→ EXERCISE: Repeat the data that follows, word for word, without the images.

→ DATA:
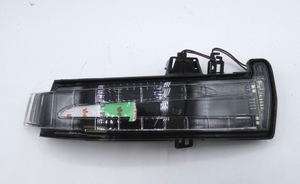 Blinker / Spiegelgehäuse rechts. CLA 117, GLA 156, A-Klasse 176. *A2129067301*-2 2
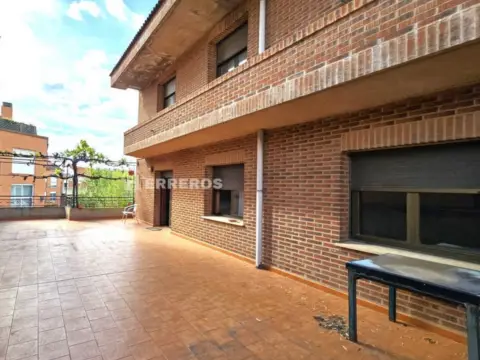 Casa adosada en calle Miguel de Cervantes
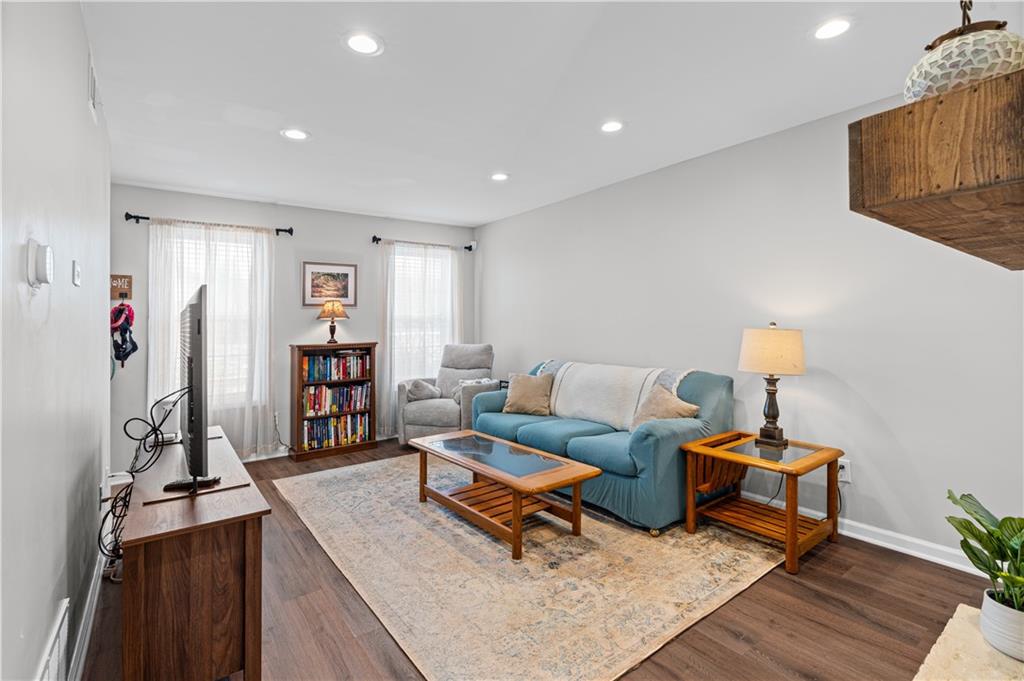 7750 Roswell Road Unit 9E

→ RESPONSE TO THIS EXERCISE:
 Blinker / Spiegelgehäuse rechts. CLA 117, GLA 156, A-Klasse 176. *A2129067301*-2 2
 Casa adosada en calle Miguel de Cervantes
 7750 Roswell Road Unit 9E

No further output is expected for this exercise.